Secondly and most importantly I went to hear Anne Enright in conversation with Kate De Goldi. I have just been on a month-long road trip in Ireland where I read Irish fiction, poetry and history and came home with a rucksack of books to read.There was something rather extraordinary letting the writing overlap with the landscape, the weather, the people and vice versa. It was an extraordinary experience. I loved hearing Anne read, and I loved the excursions into the specifics of her books, but I hungered for a conversation that roved wider into life, writing, books, Ireland, Irish writers. I was going to ask a question at the end on what books of poetry or fiction she thought I should have had in the hire car. Luckily it came out of someone else’s question and was chuffed that I have her favourites ready and waiting, bar one or two. I have to say I went to the best bookshop in the world in Dublin! How does Ireland sustain so many fabulous bookshops?
Meanwhile I wavered between home/bed or Teju Cole and opted for the latter because I loved Open City and reviewed Know and Strange Things for SST last year. I loved it to the hilt! I came out of Teju’s session filled with the joy of writing, books and being alive. Some writers you admire, some writers challenge you, some writers confound you. Some writers deliver awkward and unsettling disconnections, others a suite of nourishing connections. With Teju it was the latter. Uplifting. Utterly uplifting. Teju makes it very clear, with such honeyed fluency, why books matter in this endangered world.
Here are some of the gold nuggets I gleaned – I won’t put quotes as may not be exact:
Description shifts something that is in the world. Description shifts us as no longer simply passive recipients of the text but as active participants.
Writing Open City, I could not tailor it for a market as I could not imagine that market. It gave me utter freedom. (I adore this sense of freedom to write what one wants, craves)
I write every book as though it is going to be my last.
How do you become ‘you’ inside your work? That’s my voice – that’s interesting. That’s who I turned out to be.

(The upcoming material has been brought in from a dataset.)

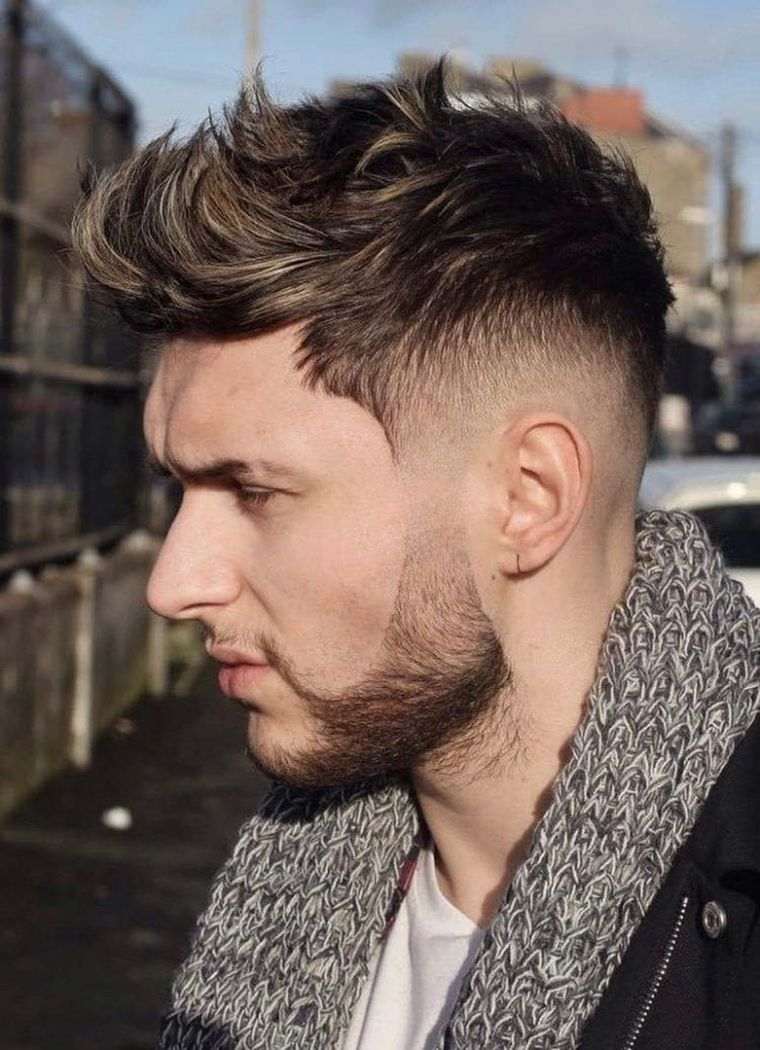 obrijana muška frizura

On reviewing (this is my raison d’etre on this blog!!!!): I am writing an account of what I love. I’m an enthusiast. I give an account, so that if you don’t already love it, you might have a chance to. (he is not drawn to negative criticism)
All terrain retains some ghostly memory of the things they have endured.
Any great city is a burial ground for people who have largely been forgotten. (the dispossessed)
( I loved hearing the drone tweets written Post 9/11 where he took the first line of a classic book and then introduced bombs and devastation. Like Teju said, both funny and cripplingly serious.)
(He talked about the pleasure of writing / reading work that ultimately consoles as well as unsettles.)
Theory is like haute couture – you laugh at it now and five years later it hits the streets.
I am fond of Iceland, Switzerland and new Zealand as they are diametrically opposed to what I know.
This sequence of severed quotes barely touch upon the joy of being there. It was over in a flash.